Data records:
⟨

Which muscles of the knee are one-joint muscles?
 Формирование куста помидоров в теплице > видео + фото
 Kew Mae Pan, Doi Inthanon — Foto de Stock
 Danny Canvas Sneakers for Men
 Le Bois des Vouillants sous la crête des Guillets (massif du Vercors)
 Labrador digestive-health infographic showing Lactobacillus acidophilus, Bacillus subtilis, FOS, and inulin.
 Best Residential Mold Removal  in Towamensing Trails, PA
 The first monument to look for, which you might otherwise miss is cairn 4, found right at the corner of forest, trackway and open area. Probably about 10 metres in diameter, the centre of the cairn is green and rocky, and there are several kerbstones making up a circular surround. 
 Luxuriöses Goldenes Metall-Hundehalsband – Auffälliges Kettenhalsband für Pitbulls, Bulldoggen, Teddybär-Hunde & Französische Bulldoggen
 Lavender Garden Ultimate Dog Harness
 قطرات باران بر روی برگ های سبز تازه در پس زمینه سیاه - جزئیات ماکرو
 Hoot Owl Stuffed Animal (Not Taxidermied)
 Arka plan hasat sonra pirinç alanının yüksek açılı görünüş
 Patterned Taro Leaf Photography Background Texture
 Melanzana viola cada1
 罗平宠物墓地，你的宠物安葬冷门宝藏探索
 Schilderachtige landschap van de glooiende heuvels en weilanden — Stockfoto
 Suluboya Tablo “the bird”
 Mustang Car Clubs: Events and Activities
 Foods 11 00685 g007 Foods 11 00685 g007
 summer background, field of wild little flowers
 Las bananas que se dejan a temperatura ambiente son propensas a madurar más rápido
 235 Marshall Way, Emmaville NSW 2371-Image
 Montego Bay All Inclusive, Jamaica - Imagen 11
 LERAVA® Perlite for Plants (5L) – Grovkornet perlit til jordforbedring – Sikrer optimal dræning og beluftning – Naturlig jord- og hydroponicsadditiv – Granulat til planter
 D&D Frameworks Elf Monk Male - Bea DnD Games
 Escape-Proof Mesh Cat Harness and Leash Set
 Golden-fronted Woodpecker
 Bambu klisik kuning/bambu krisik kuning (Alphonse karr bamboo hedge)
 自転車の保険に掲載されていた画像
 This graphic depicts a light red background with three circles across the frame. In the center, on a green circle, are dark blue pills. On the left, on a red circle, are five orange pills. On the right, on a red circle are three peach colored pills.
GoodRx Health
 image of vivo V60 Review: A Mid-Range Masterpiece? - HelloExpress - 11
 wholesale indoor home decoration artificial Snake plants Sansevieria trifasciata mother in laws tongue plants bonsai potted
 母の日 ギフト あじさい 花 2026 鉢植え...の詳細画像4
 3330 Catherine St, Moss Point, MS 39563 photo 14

⟩

Work instruction. Within the data above, how many lines contain the word "Harness"? Write only the number.

Response box. 2